The Association of Ghana Industries (AGI) has prevailed on the government to amend the present tax regimes in the country in order to reduce the cost of doing business.

“Industries are reeling under the heavy stress of high taxes and utility hikes, forcing some of them to think of downsizing, relocating or shutting down completely,” it said.

The Chief Executive Officer (CEO) of the AGI, Mr Seth Twum-Akwaboah, in an interaction with the management of the Graphic Communications Group Limited (GCGL) last Wednesday, said businesses and domestic consumers were paying more for water and electricity, contrary to the tariffs announced by the Public Utilities Regulatory Commission (PURC).

He stated that although the PURC announced a 59.2 per cent hike in power tariff that was reduced by the government, industry players were paying more, sometimes over 100 per cent, depending on where the businesses were located.

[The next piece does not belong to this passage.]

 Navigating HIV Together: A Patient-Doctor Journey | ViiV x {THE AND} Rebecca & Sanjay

“For instance, in the Tema Free Zones enclave, apart from the general increment, businesses are paying an additional 16 per cent for a power plant that supplies power to that enclave,” he said.

Mr Twum-Akwaboah also spoke about water tariffs and noted that what was being paid by industrial consumers was higher than what was announced.

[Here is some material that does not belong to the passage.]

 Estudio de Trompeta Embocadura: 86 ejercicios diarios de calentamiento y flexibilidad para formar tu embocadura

The concerns of AGI over the increase in tariffis corroborate what the general public has been complaining about with regard to the percentage increase in tarrifs.

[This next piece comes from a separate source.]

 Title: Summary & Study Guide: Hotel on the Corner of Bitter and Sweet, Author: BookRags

To make matters worse, even after the government announced its decision to absorb part of the bill, the utility companies have rather doubled what they charge and the PURC which is mandated, among other things, to protect consumers, is unfortunately silent over the agitations of the public and industry.

He said steel companies were considering other options as a result of the high taxes, saying that if nothing was done, the companies would also shut down because of the non-competitiveness of their products.

Mr Twum-Akwaboah said due to the high cost of doing business in the country, the government’s agenda to promote made-in-Ghana goods was being defeated because local products were more expensive than cheap imports.

He indicated that unbridled liberalisation was rather supporting the job creation efforts of countries from where Ghana imported all kinds of goods.
He warned that if the brakes were not applied, very soon there would be no jobs for the people.

He explained that the visit was part of an outreach programme of the AGI to reach out to its members so that with one voice they could cry out loud to the government to find better ways to protect local industries.

According to him, the AGI was not against competition but rather industry players looked forward to a level playing field for imported and local products.
“The situation is very dire. The government should, therefore, look into the concerns of industries because they hold the key to the success of the country’s economic programmes,” he said.

For his part, the Director of Finance of the GCGL, Mr Kwabena Baah-Adade, who received the delegation on behalf of the managing director, said there was the need for the PURC to address anomalies in electricity bills in order for industries to be competitive.

The Director of G-PAK, a subsidiary of the GCGL, Mr James Dadzie, called on all stakeholders to protect and promote made-in-Ghana goods and services, stating: “if we continue to provide jobs for the people of other countries by always importing goods, our future generation will eventually suffer.”